In spring 2019, the Bafin temporarily prohibited investors from betting on falling prices at Wirecard.

This gave the shareholders the impression that everything was in order in the group.

And he went even further: During the time in which he was responsible, the Bafin always acted “within the scope of its legal possibilities”.

The state supervisory and control structure was simply not well enough equipped for such fraud.

It is therefore important to learn from it.

Scholz referred to the planned reform of the balance sheet audit.

The most important task is to restore trust that has been lost in the German financial center.

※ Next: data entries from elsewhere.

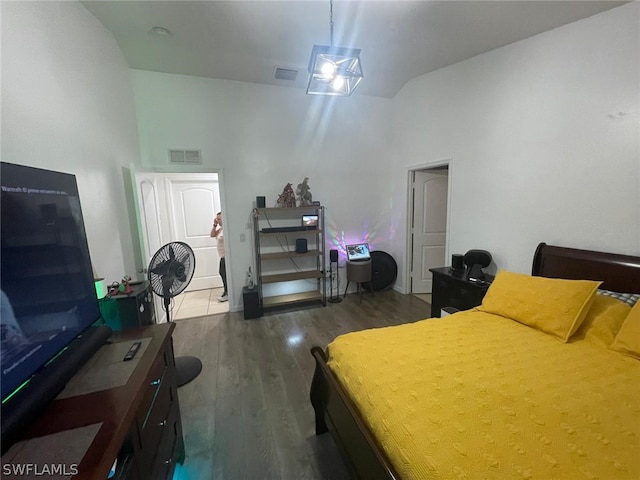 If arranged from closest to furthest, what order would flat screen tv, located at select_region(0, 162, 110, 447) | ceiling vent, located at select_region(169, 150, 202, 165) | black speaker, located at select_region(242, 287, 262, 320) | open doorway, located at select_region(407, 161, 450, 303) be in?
flat screen tv, located at select_region(0, 162, 110, 447) < ceiling vent, located at select_region(169, 150, 202, 165) < black speaker, located at select_region(242, 287, 262, 320) < open doorway, located at select_region(407, 161, 450, 303)

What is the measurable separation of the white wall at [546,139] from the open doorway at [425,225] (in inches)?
23.4

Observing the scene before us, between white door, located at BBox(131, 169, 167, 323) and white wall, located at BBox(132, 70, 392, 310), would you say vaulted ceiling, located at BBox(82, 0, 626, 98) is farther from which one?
white door, located at BBox(131, 169, 167, 323)

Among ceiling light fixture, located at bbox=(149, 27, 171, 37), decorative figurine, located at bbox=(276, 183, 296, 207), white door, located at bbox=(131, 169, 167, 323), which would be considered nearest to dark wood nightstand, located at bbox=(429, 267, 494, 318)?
decorative figurine, located at bbox=(276, 183, 296, 207)

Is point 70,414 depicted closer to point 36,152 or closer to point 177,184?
point 36,152

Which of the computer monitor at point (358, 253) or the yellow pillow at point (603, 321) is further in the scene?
the computer monitor at point (358, 253)

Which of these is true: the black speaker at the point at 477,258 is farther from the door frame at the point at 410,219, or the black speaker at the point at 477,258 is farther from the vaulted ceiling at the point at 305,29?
the vaulted ceiling at the point at 305,29

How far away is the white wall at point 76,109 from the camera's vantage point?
1.43 meters

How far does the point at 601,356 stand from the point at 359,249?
2.94m

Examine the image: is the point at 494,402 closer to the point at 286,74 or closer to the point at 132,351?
the point at 132,351

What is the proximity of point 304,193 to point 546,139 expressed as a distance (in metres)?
2.73

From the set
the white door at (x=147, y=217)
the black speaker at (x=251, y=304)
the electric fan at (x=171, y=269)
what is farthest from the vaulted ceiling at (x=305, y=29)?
the black speaker at (x=251, y=304)

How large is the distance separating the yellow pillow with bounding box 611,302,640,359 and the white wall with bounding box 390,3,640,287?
2.07ft

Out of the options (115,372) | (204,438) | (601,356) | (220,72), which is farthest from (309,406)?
(220,72)

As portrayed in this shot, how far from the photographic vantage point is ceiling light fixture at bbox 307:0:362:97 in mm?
1845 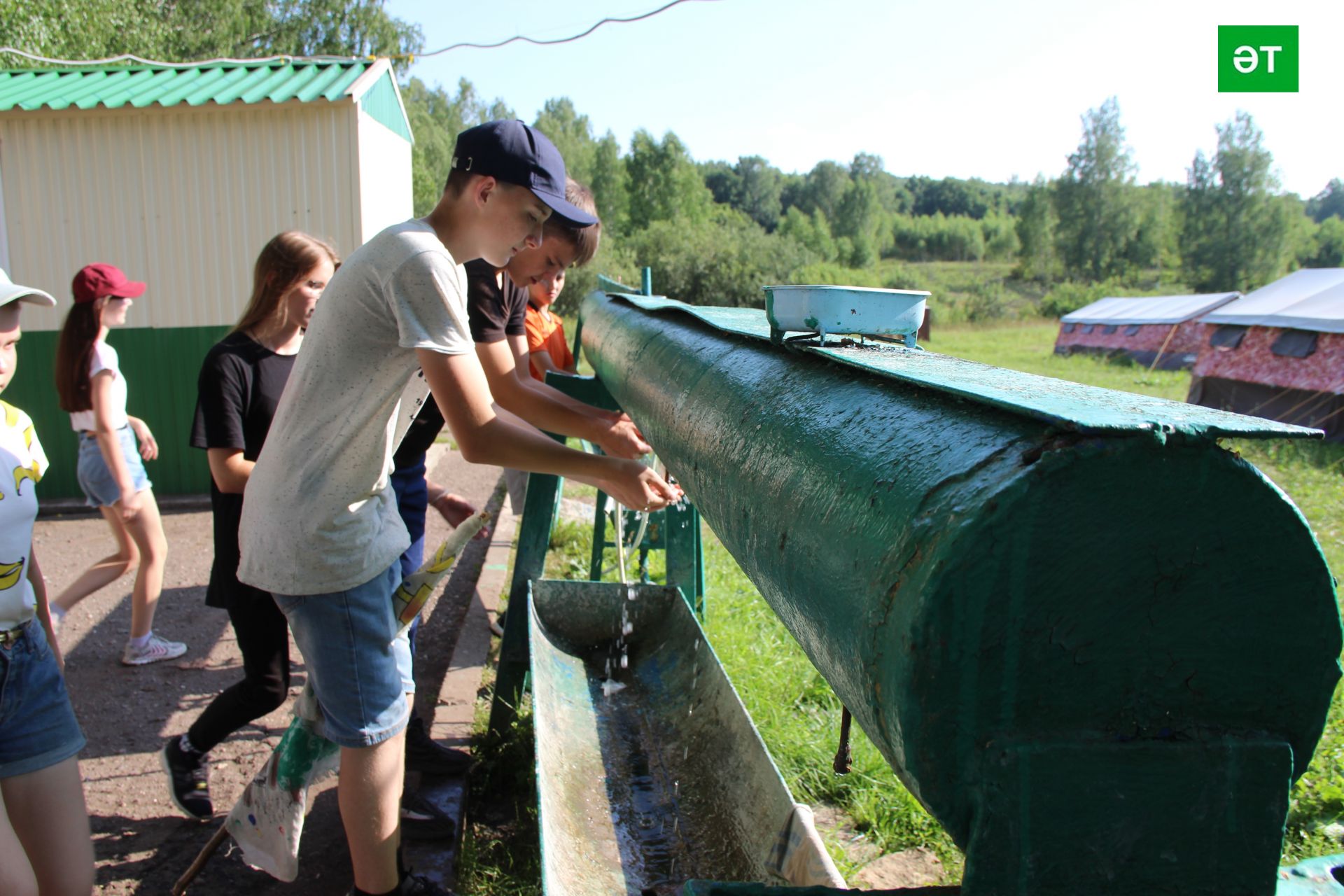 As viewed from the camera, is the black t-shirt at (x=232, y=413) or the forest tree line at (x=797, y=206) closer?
the black t-shirt at (x=232, y=413)

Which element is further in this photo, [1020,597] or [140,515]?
[140,515]

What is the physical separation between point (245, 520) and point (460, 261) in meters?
0.78

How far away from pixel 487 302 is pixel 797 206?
10559 cm

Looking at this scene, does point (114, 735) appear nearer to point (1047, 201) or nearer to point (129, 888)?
point (129, 888)

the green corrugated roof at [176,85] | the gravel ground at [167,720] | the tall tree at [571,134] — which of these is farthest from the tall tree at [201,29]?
the tall tree at [571,134]

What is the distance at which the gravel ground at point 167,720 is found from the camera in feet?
9.44

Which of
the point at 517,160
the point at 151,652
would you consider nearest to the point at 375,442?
the point at 517,160

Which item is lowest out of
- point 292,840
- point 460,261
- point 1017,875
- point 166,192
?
point 292,840

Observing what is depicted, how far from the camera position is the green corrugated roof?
23.0 ft

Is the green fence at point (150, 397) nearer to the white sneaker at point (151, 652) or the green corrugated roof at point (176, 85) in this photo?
the green corrugated roof at point (176, 85)

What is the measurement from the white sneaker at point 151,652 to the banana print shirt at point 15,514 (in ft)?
7.81

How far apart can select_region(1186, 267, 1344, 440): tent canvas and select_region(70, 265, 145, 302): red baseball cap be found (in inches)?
466

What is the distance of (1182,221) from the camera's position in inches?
2314

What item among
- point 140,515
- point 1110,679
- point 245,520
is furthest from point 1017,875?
point 140,515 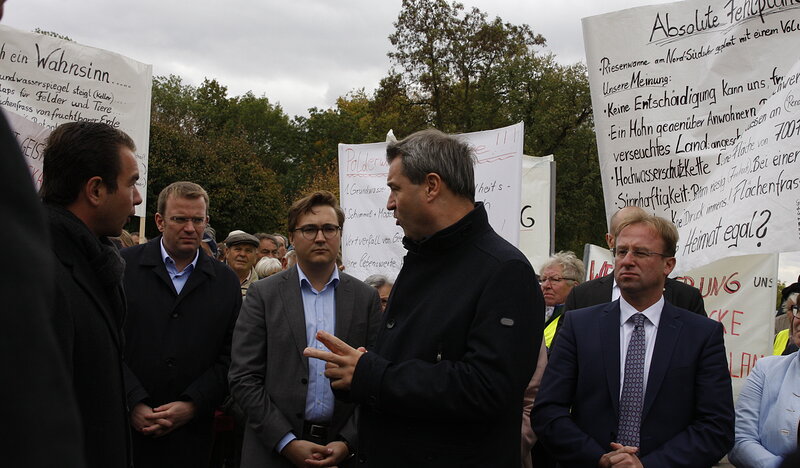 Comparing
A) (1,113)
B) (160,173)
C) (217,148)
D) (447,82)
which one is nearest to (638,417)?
(1,113)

A Wirecard case should not be repeated.

He appealed to the MPs that the reform law would soon be finalized so that it could come into force quickly and not be watered down by “lobbying interests”.

The opposition was not satisfied with the statements made by the finance minister.

Danyal Bayaz of the Greens criticized Scholz for rejecting any responsibility.

“This self-assessment is strange for the chief employer of the financial supervisory authority.

His house has put his hands on the short sale ban, although this was issued by the Bafin against all sense and reason, ”said Bayaz.

The SPD MP Jens Zimmermann, of course, saw it differently.

"As with yesterday's questioning of his State Secretary Kukies, the alleged allegations against the finance minister turned out to be an unfounded election campaign noise," he said.

From the questioning in the committee of inquiry, the questionable handling of the minister with his private e-mail account will remain above all.